As a teenager, I remember hearing that some of great songs – Purple Haze by Hendrix, Yesterday and Let It Be by The Beatles – had presented themselves to their respective songwriters in the form of a dream.
Struggling as I was to write my own music at the time, this was a ray of hope: my musical genius may be inaccessible to my waking mind, I reasoned, but all I have to do is pay a bit more attention to my dreams, and the timeless anthems will flow forth. Right?
Inspired, I kept a notepad next to my bed for weeks, ready to capture the ideas that were sure to brew in my sleeping juvenile mind. The only problem was that nothing stuck in my head long enough to scribble down. I was (and remain) a fairly deep sleeper, and by the time I was fully conscious, everything had evaporated before I remembered that I was supposed to write them down.
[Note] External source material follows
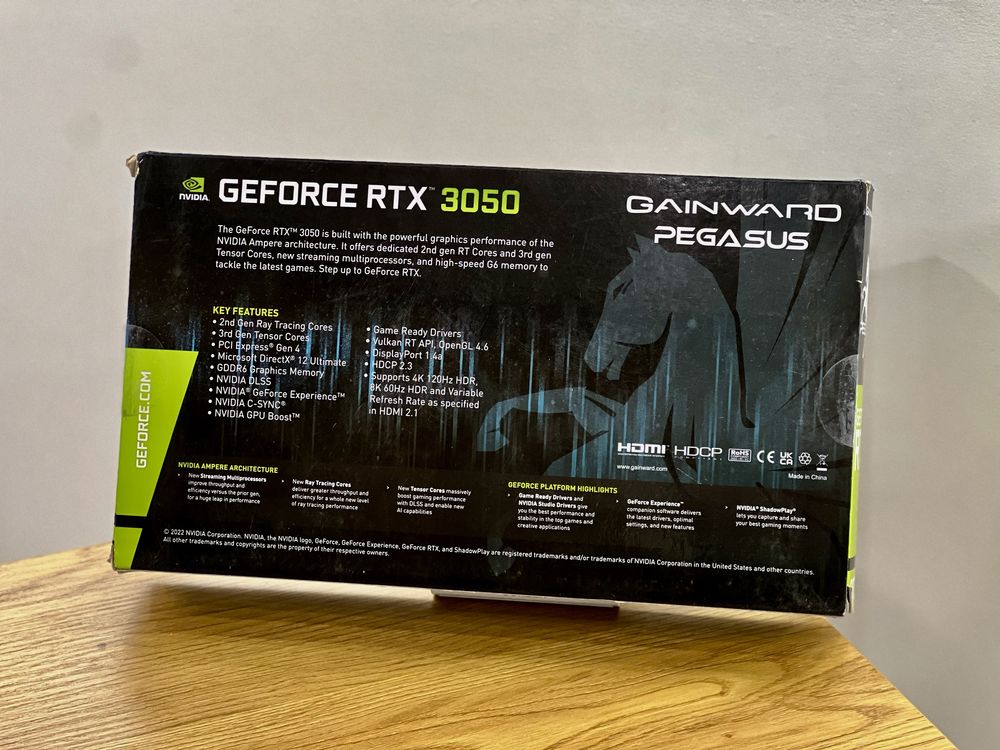 Placa Video GeForce RTX 3050 Pegasus, 8 GB GDDR6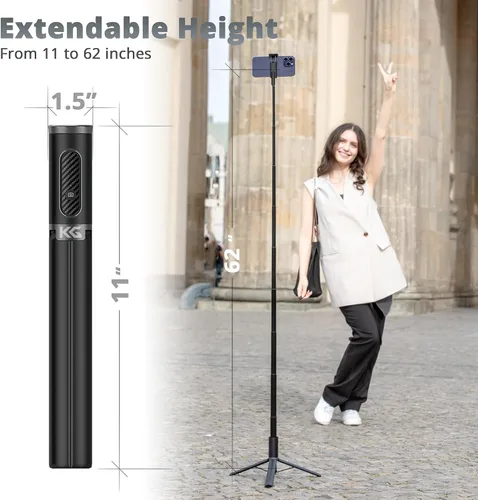 Vista 2 de KraftGeek Trípode para teléfono Selfie Stick de 62 pulgadas, soporte para teléfono celular iPhone y Android, control remoto inalámbrico, soporte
But then one night, I woke with a start and realized that a phrase was stuck in my head. No, not a phrase, phrases are for regular people…this was a lyric. Sheer poetry, a line that would resonate through past present and future. A line that would end up tattooed on people’s arms because it summed up what it meant to be human.
I wrote the lyric down and went back to sleep.
The next morning, I was almost done breakfast before I suddenly remembered the previous night’s inspiration. Strangely, I couldn’t remember the lyric, but I knew it had been significant. “Good thing you wrote it down,” I told myself, pleased at being both a lyrical genius and a clever dream-wrangler.
I darted back upstairs to see what it was that I had written down the previous night. I couldn’t recall the line, but I vividly remembered the weight of the line’s importance. Into the bedroom. Open the book. Read the line.
Scrawled, barely legible, but written with obvious confidence and doubly underlined:
“Map melting is the thing.”
As you may have guessed, the notepad didn’t stay by my bed for long after that.
Alan Hampton is not only a talented bassist, and not only the composer of last week’s song performed by Andrew Bird, but he also – not surprisingly – is a much better songwriter than teenaged me could ever have hoped to be.
His music is both poppy and experimental, as if Jack Johnson had a lucid dream in which he collaborated with Sufjan Stevens. This track is one of his best.
What makes this a beautiful song:
1. The chords are dreamy, in that the song spends most of its time avoiding the tonic, or “home base” of its key.
2. The vocals are dreamy, because the lines often carry across the bar line, as with the lyric, “so I don’t ever have to know about your fantasy” – the end of the lyrical phrase and the end of the musical phrase rarely line up, adding to the feeling of unfinished business of the chord structure.
3. The video is dreamy. Any video with a human heart warming itself by a campfire is good enough for me. I would have included a melting map, but no video is perfect.
Recommended listening activity:
Flipping the pillow over to the cold side.